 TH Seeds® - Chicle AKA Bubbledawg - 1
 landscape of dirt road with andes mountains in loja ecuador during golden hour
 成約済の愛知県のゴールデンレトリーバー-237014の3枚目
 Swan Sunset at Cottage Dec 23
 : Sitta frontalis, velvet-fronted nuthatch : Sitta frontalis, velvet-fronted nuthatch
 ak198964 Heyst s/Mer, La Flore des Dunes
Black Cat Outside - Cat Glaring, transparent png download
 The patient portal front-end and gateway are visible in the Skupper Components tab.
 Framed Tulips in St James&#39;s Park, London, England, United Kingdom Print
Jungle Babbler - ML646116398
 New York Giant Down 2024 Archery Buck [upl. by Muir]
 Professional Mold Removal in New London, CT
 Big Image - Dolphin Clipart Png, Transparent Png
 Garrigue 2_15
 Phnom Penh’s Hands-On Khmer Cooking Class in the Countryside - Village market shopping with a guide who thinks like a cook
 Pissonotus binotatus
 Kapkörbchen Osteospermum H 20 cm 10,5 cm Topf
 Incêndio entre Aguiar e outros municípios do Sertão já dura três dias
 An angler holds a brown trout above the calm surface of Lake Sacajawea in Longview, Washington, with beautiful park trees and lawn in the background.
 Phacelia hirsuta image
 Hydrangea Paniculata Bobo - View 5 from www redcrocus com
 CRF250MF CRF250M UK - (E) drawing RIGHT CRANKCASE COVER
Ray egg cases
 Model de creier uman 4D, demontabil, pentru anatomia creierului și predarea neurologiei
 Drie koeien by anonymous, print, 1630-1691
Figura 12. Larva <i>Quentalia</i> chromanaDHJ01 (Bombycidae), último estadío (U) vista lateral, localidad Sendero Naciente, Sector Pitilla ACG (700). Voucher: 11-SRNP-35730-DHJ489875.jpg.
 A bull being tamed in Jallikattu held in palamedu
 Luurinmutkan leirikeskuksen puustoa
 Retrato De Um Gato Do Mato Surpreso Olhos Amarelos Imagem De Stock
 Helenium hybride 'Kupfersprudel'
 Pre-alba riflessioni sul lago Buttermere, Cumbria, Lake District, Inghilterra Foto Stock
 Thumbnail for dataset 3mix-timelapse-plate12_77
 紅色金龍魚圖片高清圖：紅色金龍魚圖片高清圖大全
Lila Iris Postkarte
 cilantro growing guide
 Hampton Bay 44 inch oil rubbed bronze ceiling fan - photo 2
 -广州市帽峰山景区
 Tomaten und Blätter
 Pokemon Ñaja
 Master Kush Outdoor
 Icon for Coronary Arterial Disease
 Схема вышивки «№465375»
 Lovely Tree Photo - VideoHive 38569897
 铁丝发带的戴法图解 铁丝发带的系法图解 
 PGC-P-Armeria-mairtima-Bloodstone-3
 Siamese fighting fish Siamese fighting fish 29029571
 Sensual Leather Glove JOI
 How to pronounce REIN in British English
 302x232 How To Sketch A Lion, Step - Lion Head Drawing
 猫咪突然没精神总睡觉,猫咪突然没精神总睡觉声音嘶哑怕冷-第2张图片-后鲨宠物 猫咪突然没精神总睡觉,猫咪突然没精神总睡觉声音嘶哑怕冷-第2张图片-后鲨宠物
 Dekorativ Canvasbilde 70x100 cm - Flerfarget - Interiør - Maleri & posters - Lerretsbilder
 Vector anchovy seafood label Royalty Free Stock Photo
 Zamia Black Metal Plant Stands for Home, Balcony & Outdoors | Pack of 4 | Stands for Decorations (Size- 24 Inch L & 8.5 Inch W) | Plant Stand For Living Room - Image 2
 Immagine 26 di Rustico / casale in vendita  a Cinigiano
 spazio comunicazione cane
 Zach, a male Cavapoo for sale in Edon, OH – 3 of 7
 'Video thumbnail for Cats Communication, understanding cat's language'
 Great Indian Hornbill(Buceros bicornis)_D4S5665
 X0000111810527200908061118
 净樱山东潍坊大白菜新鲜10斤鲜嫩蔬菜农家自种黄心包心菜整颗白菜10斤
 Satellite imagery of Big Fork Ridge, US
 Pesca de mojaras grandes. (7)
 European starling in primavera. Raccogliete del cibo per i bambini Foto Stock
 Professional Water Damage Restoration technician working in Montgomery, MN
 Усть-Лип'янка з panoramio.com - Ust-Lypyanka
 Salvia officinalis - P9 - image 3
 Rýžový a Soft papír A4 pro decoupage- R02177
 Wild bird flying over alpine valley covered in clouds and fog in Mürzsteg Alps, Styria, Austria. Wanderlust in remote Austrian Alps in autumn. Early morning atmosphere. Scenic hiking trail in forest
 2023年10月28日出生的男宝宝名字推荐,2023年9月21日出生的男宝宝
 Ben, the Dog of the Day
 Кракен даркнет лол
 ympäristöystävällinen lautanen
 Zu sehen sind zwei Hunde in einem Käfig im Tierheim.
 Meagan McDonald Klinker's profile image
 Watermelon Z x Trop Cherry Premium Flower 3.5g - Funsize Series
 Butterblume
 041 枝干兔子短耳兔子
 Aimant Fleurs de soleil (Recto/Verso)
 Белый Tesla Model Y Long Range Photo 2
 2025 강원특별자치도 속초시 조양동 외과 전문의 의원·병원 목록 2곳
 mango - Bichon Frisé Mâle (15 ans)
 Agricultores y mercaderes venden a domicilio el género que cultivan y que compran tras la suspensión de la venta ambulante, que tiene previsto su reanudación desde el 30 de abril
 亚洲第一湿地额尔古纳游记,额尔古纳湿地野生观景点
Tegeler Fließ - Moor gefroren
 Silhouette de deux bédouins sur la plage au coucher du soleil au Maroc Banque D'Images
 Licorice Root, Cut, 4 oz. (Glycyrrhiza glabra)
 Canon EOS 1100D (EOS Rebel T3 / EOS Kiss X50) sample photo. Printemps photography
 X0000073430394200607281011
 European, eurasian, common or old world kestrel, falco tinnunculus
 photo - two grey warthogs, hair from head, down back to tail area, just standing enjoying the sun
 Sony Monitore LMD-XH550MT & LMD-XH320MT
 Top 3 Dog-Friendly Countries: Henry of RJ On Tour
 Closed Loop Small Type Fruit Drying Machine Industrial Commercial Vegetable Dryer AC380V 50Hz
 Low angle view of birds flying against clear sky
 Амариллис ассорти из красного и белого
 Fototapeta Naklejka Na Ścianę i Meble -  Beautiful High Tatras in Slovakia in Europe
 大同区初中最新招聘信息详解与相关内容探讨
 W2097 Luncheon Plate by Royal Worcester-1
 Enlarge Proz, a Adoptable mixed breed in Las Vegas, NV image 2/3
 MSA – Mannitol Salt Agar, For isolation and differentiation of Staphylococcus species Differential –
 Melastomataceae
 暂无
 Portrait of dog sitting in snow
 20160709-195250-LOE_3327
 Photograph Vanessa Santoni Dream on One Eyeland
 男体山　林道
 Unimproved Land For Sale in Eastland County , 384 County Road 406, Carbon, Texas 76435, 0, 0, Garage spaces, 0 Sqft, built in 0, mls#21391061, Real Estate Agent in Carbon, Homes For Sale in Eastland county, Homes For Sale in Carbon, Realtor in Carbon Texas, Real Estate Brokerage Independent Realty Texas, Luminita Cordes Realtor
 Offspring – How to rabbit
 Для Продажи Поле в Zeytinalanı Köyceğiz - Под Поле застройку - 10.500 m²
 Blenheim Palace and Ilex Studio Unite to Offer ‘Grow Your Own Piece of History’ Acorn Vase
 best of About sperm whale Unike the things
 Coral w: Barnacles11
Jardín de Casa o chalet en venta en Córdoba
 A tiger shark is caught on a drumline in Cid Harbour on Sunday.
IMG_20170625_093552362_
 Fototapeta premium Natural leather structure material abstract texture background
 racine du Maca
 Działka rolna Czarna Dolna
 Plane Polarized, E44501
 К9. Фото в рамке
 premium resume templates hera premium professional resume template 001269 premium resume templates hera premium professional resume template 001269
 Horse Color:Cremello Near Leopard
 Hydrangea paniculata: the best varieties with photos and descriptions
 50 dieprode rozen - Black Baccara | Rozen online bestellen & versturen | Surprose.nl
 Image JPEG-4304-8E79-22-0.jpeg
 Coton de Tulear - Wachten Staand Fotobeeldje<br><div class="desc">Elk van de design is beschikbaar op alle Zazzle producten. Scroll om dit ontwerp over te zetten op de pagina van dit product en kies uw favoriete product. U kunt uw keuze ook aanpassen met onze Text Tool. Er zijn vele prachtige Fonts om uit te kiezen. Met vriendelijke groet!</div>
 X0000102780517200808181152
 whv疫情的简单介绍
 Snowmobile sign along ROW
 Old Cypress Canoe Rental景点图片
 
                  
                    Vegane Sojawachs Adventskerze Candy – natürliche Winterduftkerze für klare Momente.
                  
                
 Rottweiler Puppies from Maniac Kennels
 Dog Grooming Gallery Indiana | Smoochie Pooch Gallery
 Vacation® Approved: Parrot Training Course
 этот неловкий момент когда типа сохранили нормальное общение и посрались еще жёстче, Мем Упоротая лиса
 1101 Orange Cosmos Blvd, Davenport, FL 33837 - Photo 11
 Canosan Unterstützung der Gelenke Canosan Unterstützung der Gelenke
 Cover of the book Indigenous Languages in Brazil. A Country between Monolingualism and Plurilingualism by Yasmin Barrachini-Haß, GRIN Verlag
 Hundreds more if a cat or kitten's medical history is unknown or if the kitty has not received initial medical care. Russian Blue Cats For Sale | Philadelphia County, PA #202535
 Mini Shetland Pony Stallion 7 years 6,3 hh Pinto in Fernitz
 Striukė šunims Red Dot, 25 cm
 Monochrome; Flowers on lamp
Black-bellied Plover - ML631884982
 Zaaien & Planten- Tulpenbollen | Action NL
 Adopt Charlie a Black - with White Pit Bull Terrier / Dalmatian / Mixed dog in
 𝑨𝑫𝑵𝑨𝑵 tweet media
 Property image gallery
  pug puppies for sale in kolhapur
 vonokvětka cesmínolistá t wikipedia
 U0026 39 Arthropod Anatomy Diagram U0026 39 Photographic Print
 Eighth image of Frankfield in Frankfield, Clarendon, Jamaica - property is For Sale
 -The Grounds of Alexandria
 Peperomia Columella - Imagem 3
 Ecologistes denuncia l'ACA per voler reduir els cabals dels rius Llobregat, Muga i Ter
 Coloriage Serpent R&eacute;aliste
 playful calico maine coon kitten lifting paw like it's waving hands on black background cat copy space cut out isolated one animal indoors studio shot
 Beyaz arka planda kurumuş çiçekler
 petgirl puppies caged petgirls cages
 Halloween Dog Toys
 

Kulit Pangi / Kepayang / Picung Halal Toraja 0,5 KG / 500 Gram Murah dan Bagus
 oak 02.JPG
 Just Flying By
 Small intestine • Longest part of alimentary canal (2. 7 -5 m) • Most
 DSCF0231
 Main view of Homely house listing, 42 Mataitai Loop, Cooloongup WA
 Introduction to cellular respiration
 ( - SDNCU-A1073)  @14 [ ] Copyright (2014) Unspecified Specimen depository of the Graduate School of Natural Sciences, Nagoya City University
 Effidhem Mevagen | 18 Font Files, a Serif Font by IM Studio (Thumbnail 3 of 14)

# # # # # # #

* [EXERCISE INSTRUCTIONS] From the data above, show each line that contains "Imagem".

* [RESPONSE AREA]
 Retrato De Um Gato Do Mato Surpreso Olhos Amarelos Imagem De Stock
 Peperomia Columella - Imagem 3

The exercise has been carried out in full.